Excavation Grid Completed for Tell El Hibeh


View of tell from south showing complexity of terrain.

Upon first arriving at the archaeological site of El Hibeh, the U.C. Berkeley team quickly realized they had a big problem.  The simplified, two-dimensional maps that were available to the expedition were a bit misleading.  Nowhere did things on the ground appear as neat and orderly as they had on paper.  Measuring nearly three quarters of a kilometer from north to south, the tell itself was absolutely huge.  When the burial-rich desert to the north and east was considered, the site area quickly grew to a few square kilometers.  Furthermore, the terrain itself was as complex as it was vast.  The team would come to measure a difference in elevation of nearly 20m from the lowest points in the area of the temple of Sheshonq I to the heights of the enormous mudbrick north gate--and nowhere did the elevation of the site remain the same for very long.  It was a challenge to find a flat area that did not involve a drop off the edge of a limestone cliff or a steady climb to the heights of some mudbrick structure.

  
Two earlier survey maps of the Nile River and tell showing lack of sufficient detail.

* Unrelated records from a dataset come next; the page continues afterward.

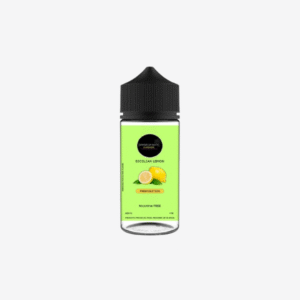 Essência-Sem-Nicotina-para-Vape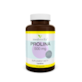 Medverita Prolina 500 mg 100 kapsułek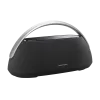 Акустична система Harman Kardon Go+Play 3 Black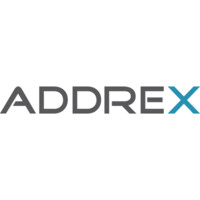 Addrex, Inc. logo - Similar company to Vergence, Llc.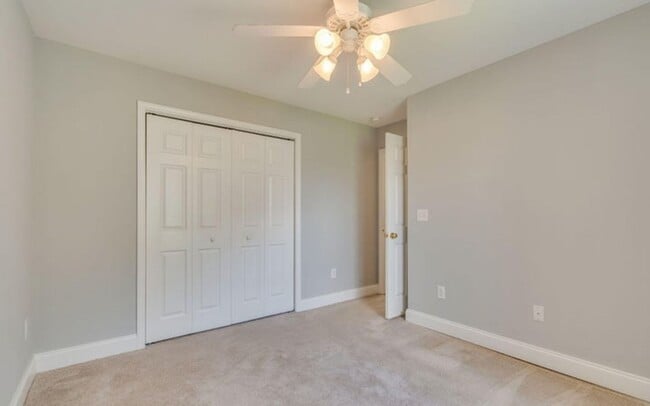 Building Photo - 205 Rockingham Meadows Dr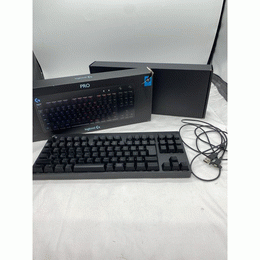 LAMZU 〔中古〕MAYA X 8K FNATIC SPECIAL EDITION MS0005-002（中古
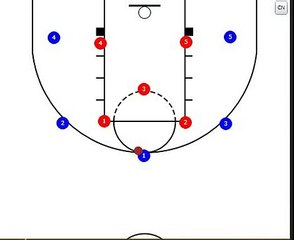 Basketball 2-1-2 Zone Defense VLC.mp4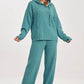 Set Figl - CELIA MODA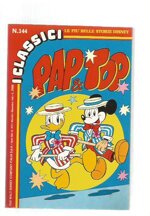 classici-walt-disney-ii-serie-n-144-pap-top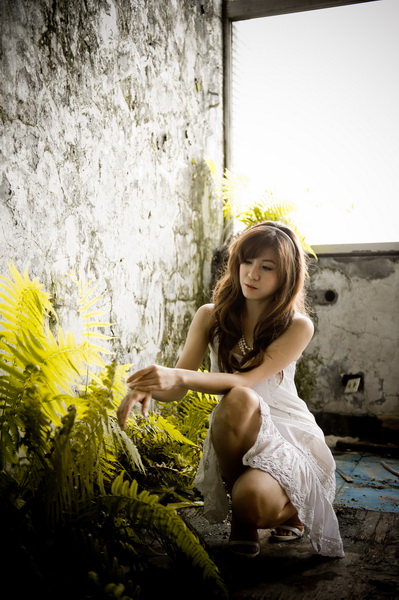 http://i.dcview.tw/gallery/201102/d3a51e8f45f5928d7459819c53647470.jpg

It was quite clear that given the available resources, the 1980 American expedition had done a phenomenal job mapping the tell.  Working from a single datum point in the northwest part of the tell, that team had accurately mapped the location of the temple, a number of walls, and various other features including trenches excavated by earlier archaeologists.


1980 Expedition map showing a number of features of the tell.